We learn pixel-level segmentations of objects from weakly tagged YouTube videos. Specifically, given a large collection of raw YouTube content, along with potentially noisy tags, we aim to automatically generate spatiotemporal masks for each object, such as "dog", without employing any pre-trained object detectors. We formulate this problem as learning weakly supervised classifiers for a set of independent spatio-temporal segments. The object seeds obtained using segment-level classifiers are further refined using graphcuts to generate high-precision object masks. Our results, obtained by training on a dataset of 20,000 YouTube videos weakly tagged into 15 classes, demonstrate automatic extraction of pixel-level object masks. Evaluated against a ground-truthed subset of 50,000 frames with pixel-level annotations, we confirm that our proposed methods can learn good object masks just by watching YouTube.

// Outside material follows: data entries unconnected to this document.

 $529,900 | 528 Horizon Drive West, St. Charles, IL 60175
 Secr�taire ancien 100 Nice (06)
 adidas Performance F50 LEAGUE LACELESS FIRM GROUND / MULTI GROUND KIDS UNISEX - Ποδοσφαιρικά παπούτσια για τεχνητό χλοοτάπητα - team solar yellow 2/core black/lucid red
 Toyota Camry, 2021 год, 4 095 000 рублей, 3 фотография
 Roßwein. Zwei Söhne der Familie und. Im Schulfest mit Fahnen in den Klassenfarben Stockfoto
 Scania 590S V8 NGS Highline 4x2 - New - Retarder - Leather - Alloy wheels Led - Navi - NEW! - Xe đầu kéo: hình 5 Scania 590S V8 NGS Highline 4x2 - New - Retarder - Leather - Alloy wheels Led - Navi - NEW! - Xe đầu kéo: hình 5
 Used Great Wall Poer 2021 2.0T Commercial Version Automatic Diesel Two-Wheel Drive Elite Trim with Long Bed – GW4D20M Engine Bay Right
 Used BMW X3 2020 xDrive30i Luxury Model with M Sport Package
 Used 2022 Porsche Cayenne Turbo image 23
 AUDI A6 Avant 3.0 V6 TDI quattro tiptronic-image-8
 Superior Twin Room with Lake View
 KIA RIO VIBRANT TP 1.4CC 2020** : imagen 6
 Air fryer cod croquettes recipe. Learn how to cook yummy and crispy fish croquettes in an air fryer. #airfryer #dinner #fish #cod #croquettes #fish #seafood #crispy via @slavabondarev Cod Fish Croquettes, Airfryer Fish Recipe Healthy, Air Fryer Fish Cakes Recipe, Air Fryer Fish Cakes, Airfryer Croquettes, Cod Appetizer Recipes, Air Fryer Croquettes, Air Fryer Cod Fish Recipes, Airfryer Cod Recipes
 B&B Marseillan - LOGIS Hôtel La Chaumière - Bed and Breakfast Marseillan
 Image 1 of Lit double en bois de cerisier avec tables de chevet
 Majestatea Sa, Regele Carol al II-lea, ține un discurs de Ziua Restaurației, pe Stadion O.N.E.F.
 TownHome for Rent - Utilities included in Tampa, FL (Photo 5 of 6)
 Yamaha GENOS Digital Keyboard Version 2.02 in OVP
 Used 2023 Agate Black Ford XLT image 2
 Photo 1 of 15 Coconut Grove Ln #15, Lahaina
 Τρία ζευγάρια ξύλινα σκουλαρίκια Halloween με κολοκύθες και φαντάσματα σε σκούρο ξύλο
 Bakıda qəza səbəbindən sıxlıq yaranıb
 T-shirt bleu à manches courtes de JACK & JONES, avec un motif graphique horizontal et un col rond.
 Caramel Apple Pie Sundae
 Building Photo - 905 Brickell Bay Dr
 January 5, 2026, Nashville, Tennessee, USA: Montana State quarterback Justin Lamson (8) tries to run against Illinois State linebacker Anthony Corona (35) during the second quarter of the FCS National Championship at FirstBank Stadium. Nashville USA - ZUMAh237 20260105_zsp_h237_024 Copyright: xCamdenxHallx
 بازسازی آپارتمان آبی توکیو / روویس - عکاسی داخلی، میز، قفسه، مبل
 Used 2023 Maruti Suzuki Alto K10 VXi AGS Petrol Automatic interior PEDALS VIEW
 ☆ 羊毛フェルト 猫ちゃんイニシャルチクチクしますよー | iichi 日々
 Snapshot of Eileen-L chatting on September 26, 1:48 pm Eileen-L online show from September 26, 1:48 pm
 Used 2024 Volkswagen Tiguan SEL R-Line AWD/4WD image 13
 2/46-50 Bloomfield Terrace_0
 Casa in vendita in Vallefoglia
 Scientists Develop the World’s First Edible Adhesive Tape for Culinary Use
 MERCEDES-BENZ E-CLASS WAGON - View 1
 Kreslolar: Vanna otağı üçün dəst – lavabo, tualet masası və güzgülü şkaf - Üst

This talk includes contributions from several interns, Googlers and faculty colleagues: G. Hartmann, M. Grundmann, J. Hoffman, D. Tang, D. Tsai, V. Kwatra, O. Madani, S. Vijayanarasimhan, J. Yagnik, I. Essa, J. Rehg.
Rahul Sukthankar is a scientist at Google Research and an adjunct research professor in Robotics at Carnegie Mellon. He was previously a senior principal researcher at Intel Labs (2003-2011), a senior research scientist at HP/Compaq Labs (2000-2003) and research scientist at Just Research (1997-2000). Rahul received his Ph.D. in Robotics from Carnegie Mellon in 1997 and his B.S.E. in Computer Science from Princeton in 1991. His current research focuses on computer vision and machine learning, particularly in the areas of object recognition, video understanding and information retrieval.